** Opening DATA EXCERPT block **

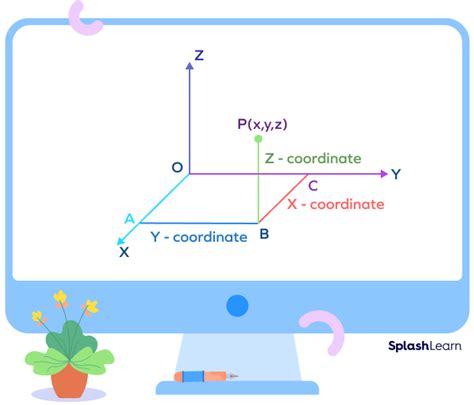 What Is Plural of Axis in Math? Definition, Examples, Facts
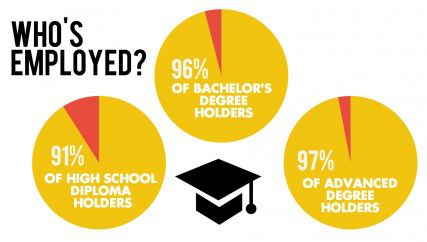 Urban Institute released a paper Monday written by researcher Sandy Baum that calculates the payoff of a college degree once a student graduates and has to find employment. GRAPHIC BY MAYA DEVEREAUX/DAILY FREE PRESS STAFF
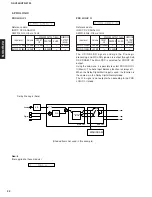 Preview for 9 page of Yamaha HTR-5730 Service Manual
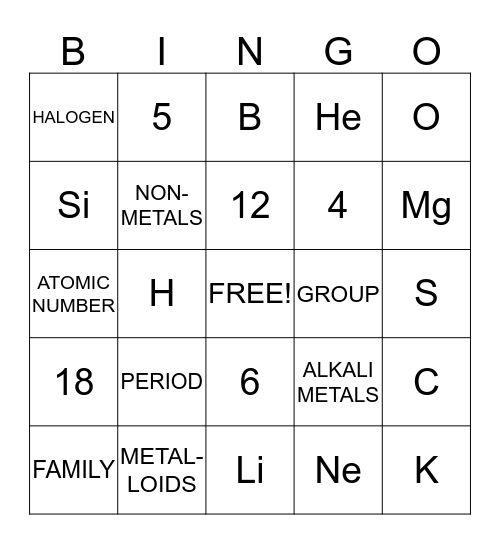 PERIODIC TABLE BINGO  Bingo Card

** Closing DATA EXCERPT block **

• EXERCISE: Every line above is to be repeated exactly, but no picture is to appear in the copy.

• EXERCISE OUTPUT:
 What Is Plural of Axis in Math? Definition, Examples, Facts
 Urban Institute released a paper Monday written by researcher Sandy Baum that calculates the payoff of a college degree once a student graduates and has to find employment. GRAPHIC BY MAYA DEVEREAUX/DAILY FREE PRESS STAFF
 Preview for 9 page of Yamaha HTR-5730 Service Manual
 PERIODIC TABLE BINGO  Bingo Card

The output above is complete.